Dirompente è la scelta di filmare senza seguire alcuna regola. E Yimou fa diventare una norma la girandola in stile hongkonghese, che supera lo stile di Wong Kar Wei per approdare alla vertigine della macchina da presa sempre in movimento su volti in grandangolo ripresi quasi in macro, quasi animaleschi. Sicuramente maschere: la balbuzie del giovane innamorato, i vestiti ancor prima dei modi da mafioso del manager, gli occhialini, alla fine rotti, dell'informatico sono tutti elementi stereotipati di una società imperdonabile, frenetica e schiava di leggi assurde o di accordi stipulati sul filo della mannaia incombente sui piedini di maiale allo spiedo, ma simboleggiano anche l'impossibilità di abbandonare la tradizione dei potenti.
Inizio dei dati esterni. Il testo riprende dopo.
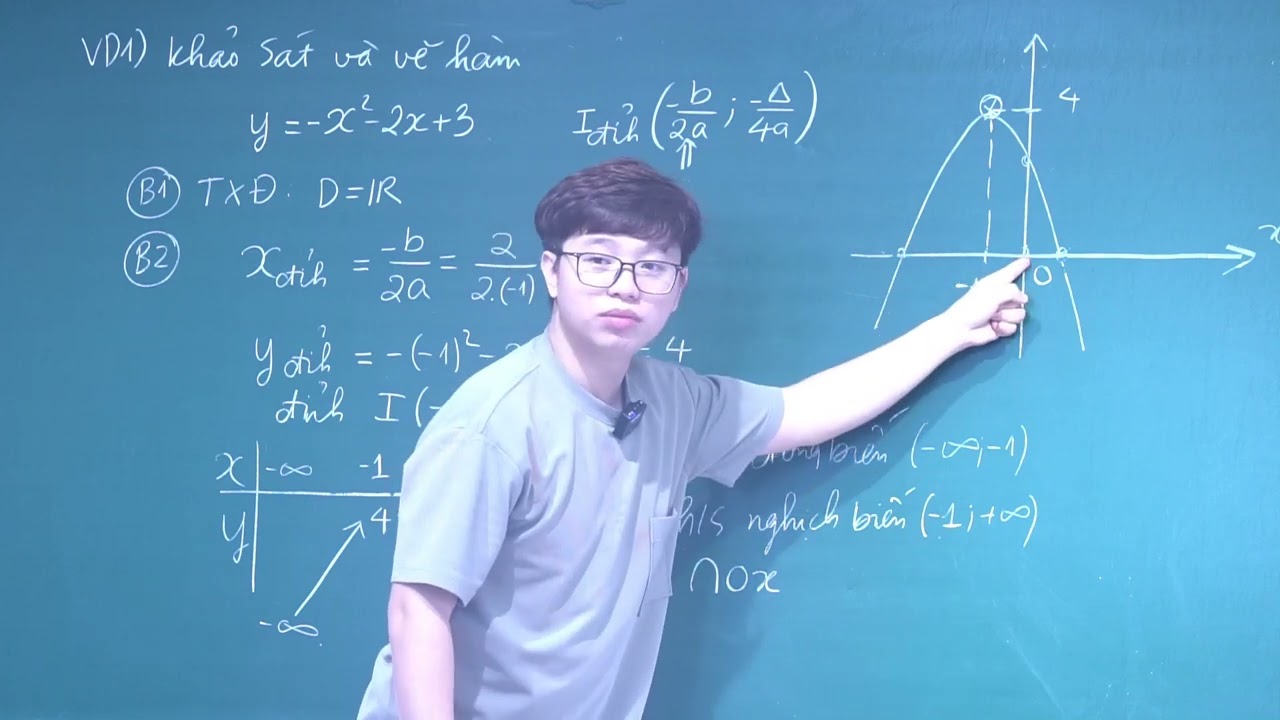 [TOÁN 10 ]-BÀI 2 : HÀM SỐ BẬC 2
La modernità dunque trova sfogo in un ambito governato da antiche regole quasi incomprensibili, persino quando si esprimono attraverso le massime da cioccolatino sciorinate dall'intellettuale, che poi sarà l'unico a scatenare la furia incontrollabile, che deborda da quelle inquadrature che riescono a mostrare meglio il fuori campo rispetto a quegli oggetti ipercinetici che scorrono dentro lo schermo, schizzando in ogni direzione a seguito della spinta centrifuga impressa dal montaggio. Il filosofo che usa l'informatica, colui che organizza come i vecchi mandarini l'incontro per dirimere la questione che contrappone i due giovani, sarà quello che posto di fronte all'ennesima sfida, esasperato dalla situazione e dalle sevizie subite nell'antro oscuro delle passioni profonde del popolo cinese, dimostrerà quanto poco valore abbiano le rigide norme confuciane a fronte della prassi di una società affatto diversa, zeppa di telefonini, eppure per certi versi ingessata dalla tradizione.
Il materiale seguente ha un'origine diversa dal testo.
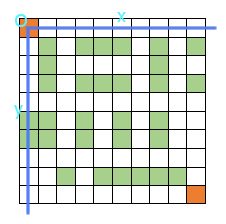 C Back To Basics Recursion And Recursive Methods Code Maze - Amazing Nature Texture - Desktop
Tutto scorre lungo l'intera pellicola seguendo sensazioni coerenti pure quando evidenzia le contrapposizioni marcate alla maniera cinese e quindi non in modo palese, ma sfruttando allusioni oblique, oppure con espedienti formali che mettono in rilievo il contrasto della loro fattura con gli assunti che comunicano e che attraverso questa prassi vengono messi in discussione. Fino alla rivelazione finale della brutalità connaturata persino nel diritto, una denuncia valida anche universalmente, ma che le autorità cinesi è facile immaginare abbiano preteso venisse annacquata dalla lettera letta al termine della breve detenzione (tutta l'opera si regge su un canovaccio d'impianto comico) del feritore (dove il rilascio sembra inscenato apposta per rappresentare la benevolenza delle istituzioni, che non reprimono, ma ammoniscono dell'opportunità dell'uso delle leggi): insomma l'ennesimo caso di Caligarismo, per cui si stravolge il senso di un film, giustapponendogli un finale che dia ragione all'autorità, allontanando i sospetti di aver gridato: "La Legge è nuda", come il Re.
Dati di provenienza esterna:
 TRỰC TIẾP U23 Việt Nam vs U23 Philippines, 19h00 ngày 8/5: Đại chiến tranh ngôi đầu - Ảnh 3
C'è un'altra spiegazione: Yimou avverte il pericolo dell'accelerazione nel processo di modernizzazione, ma al contempo intravede qualche spiraglio attraverso gesti eclatanti per poter pilotare la comunità cinese verso una convivenza più civile, mescolando il meglio dell'apporto delle singole classi, dove la sanguigna mannaia del giovane viene brandita senza remore solo dall'intellettuale, che, con la scelta di cambiare itinerario per andare a casa del giovane all'uscita dal carcere, probabilmente è stato a sua volta arricchito dall'esperienza. Insomma il regista potrebbe semplicemente e con divertimento aver voluto spingere i suoi connazionali ad approfondire le reciproche conoscenze. In questo caso l'uso di quella tecnica di ripresa e montaggio troverebbe un significato nel bisogno di far emergere una società non visibile perché ancora inesistente e frammentata e che deve comprendere le istanze che provengono anche da Hong Kong.